Following defendant’s conviction the trial judge ordered the department of Black Hawk County court services to make a pre-sentence investigation. The presentence investigation report was considered by the trial court in deciding defendant’s sentence.
I. We have discussed the scope of our review of criminal sentences in a number of recent cases including State v. Peckenschneider, 236 N.W.2d 334 (Iowa 1975):
* * It remains for the trial court to determine * * * whether the convicted person receives an indeterminate prison sentence or jail sentence or fine or some combination of such punishments. Section 789.15, The Code. Under § 793.18, The Code, we have retained authority to reduce the punishment thus imposed but not to determine the length to be served under an indeterminate sentence.
“In a long line of cases we have consistently said the determination of whether to sentence a defendant to jail or assess a fine rather than sentencing him to imprisonment in the penitentiary is addressed to the sound discretion of the trial court. (Authorities). These cases also note the trial court has similar discretion on the question of probation.” Peckenschneider, supra, 236 N.W.2d at 347-348. See also State v. Smith, 244 N.W.2d 325, 326 (Iowa 1976); State v. Hutchison, 243 N.W.2d 560, 561 (Iowa 1976).
We find no abuse of the trial court’s discretion. Defendant’s long record of traffic violations and numerous juvenile offenses indicate he was the sort of motor vehicle driver the legislature had in mind when this statutory offense was created and the punishment therefor prescribed.

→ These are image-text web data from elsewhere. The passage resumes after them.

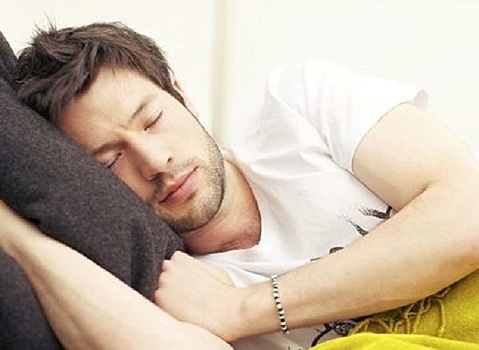 Причины и симптомы сонного паралича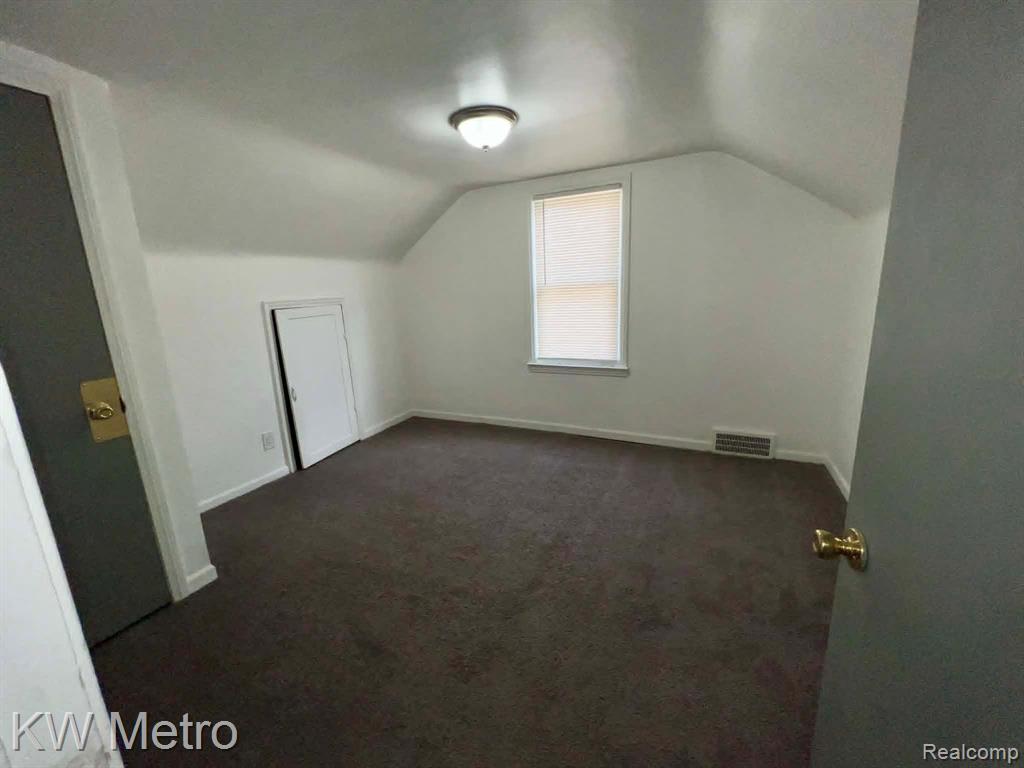 8121 Cloverdale Avenue, Ferndale, MI 48220 — Photo 17
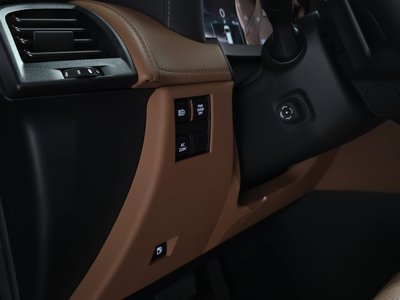 2024 Toyota ALPHARD thumbnail 40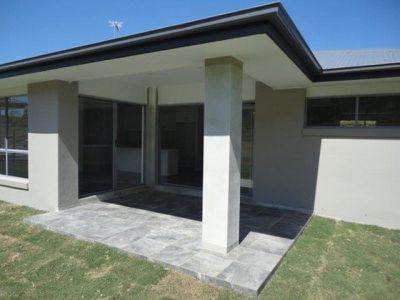 9 Spritsail Crescent, Cannonvale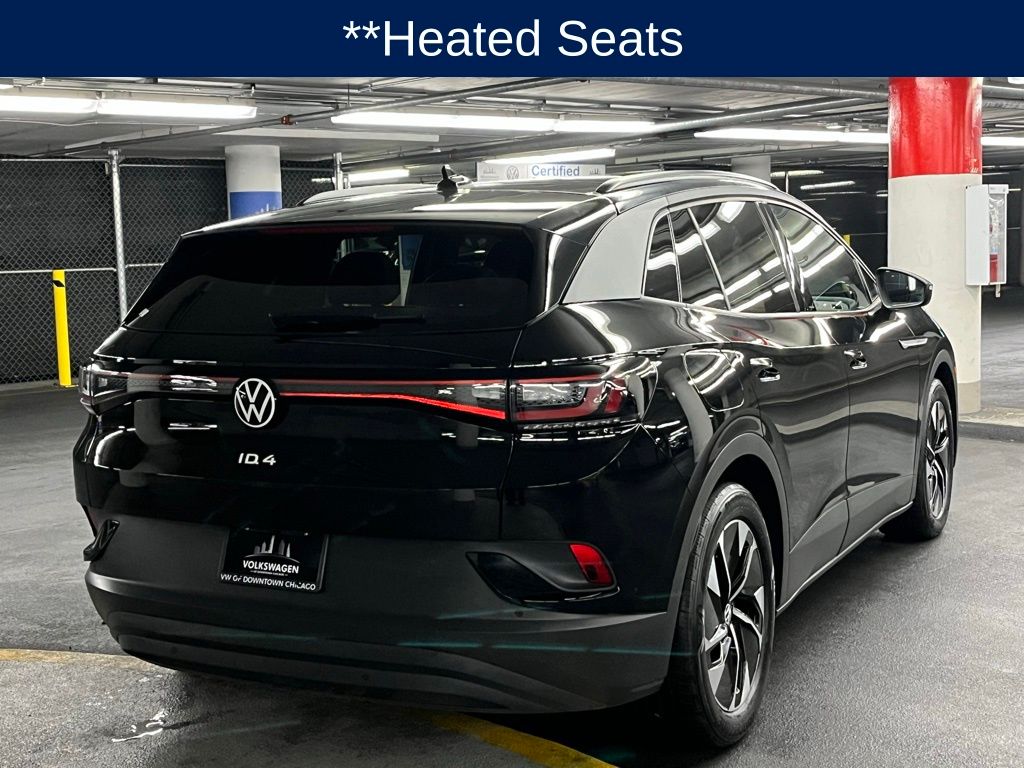 Vehicle image 8 of 41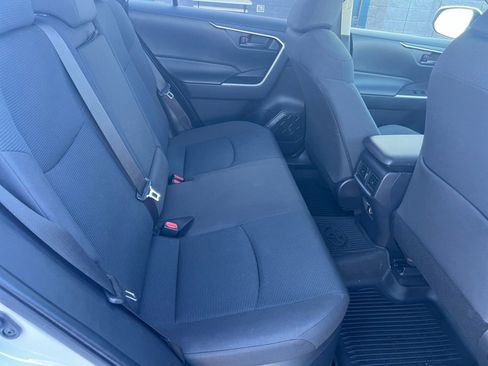 Used 2019 Toyota RAV4 LE image 32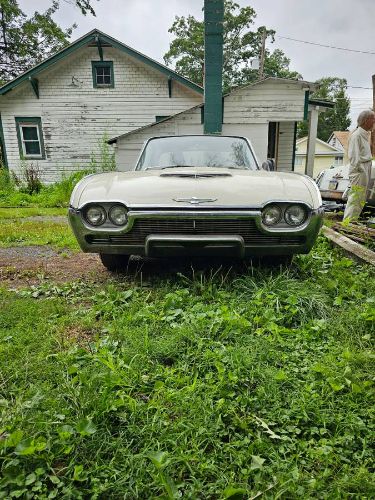 Unknown-Thunderbird-1961-White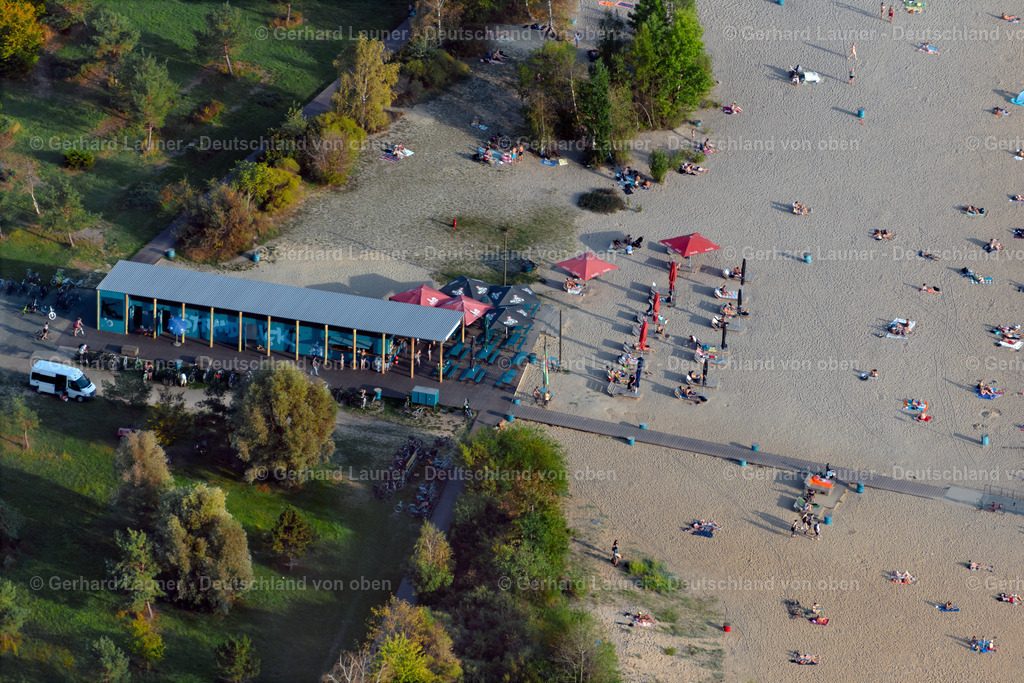 4040627 | BRAUNSBEDRA 08.09.2021 Rekultivierung der ehemaligen Tagebau - Fläche an den Uferbereichen des Sees " Geiseltalsee " in Braunsbedra im Bundesland Sachsen-Anhalt, Deutschland. // Open pit re cultivation on the shores of the lake " Geiseltalsee " in Braunsbedra in the state Saxony-Anhalt, Germany. Foto: Gerhard Launer
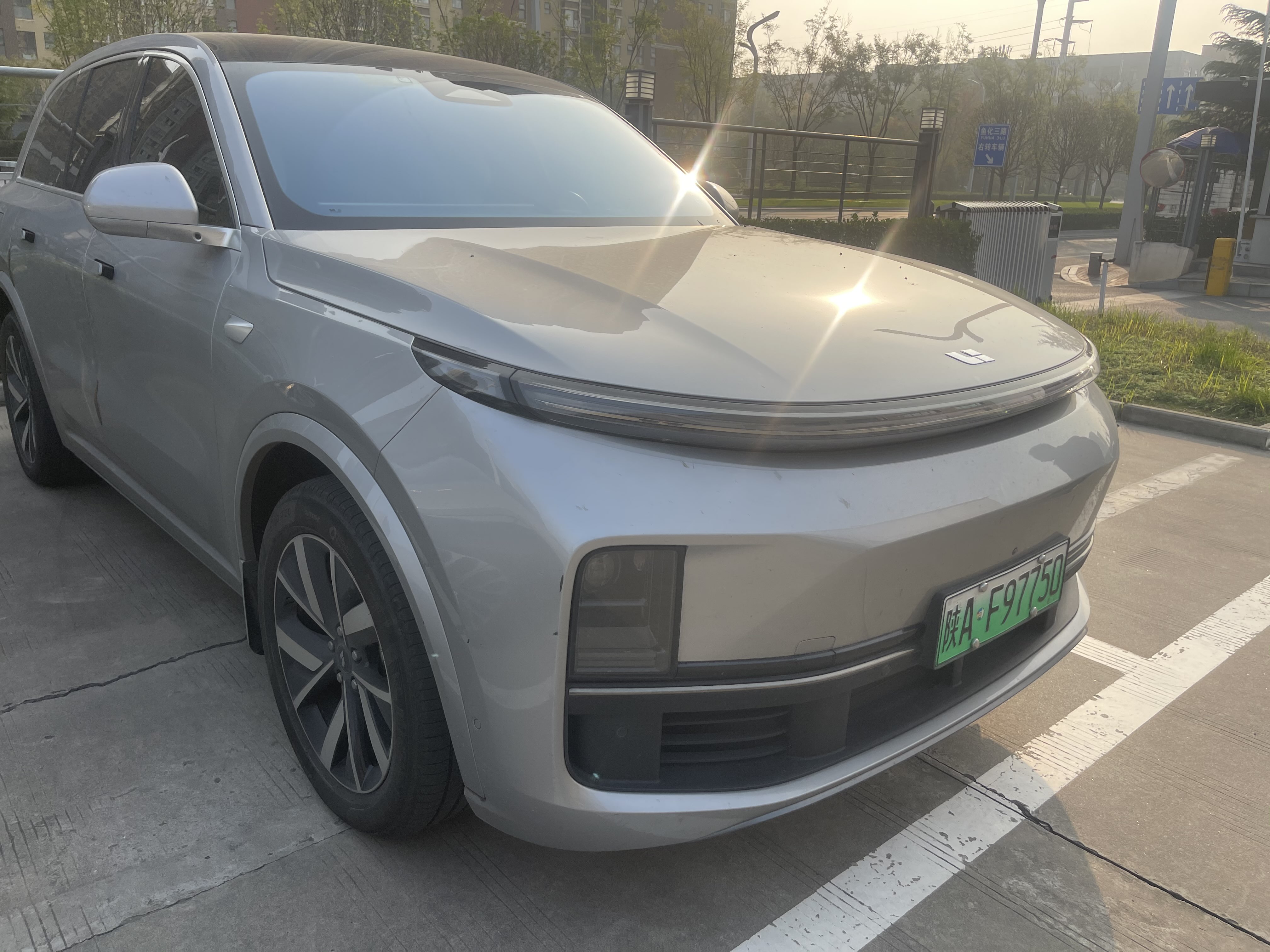 Li L8 2023 изображение автомобиля #4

Defendant asks us to interpret § 321.561 in such a way as to call for much closer scrutiny of trial court sentencing for this offense than for other offenses. He notes a misdemeanant under this section is to be punished in the same manner as a felon. This punishment was however prescribed specifically by the legislature. We believe the legislative purpose -is clear. There is nothing to indicate the legislature intended for violators of this section to be singled out for greater sentencing protection. See State v. Randall, 258 N.W.2d 359 (Iowa 1977). Defendant’s contention is without merit.
II. Defendant also argues the violators of this offense could be denied safeguards such as a presentence investigation, the right of allocution, notification of the right to appeal, (and notification of other rights upon a guilty plea). These complaints are of course “borrowed.” Here a presentence investigation was ordered and utilized. All defendant’s procedural rights were carefully guarded and accorded him. Defendant himself suffered no injury or prejudice and cannot be heard to complain because he can conjecture that other persons might. Cf. City of Des Moines v. Lavigne, 257 N.W.2d 485, 488 (Iowa 1977).
Defendant also suggests we adopt for this offense the views expressed by our minority in Peckensehneider, supra. This we decline to do.
As both defendant’s contentions are without merit the judgment of the trial court is hereby affirmed.
AFFIRMED.
All Justices concur except REYNOLD-SON, J., who concurs in the result.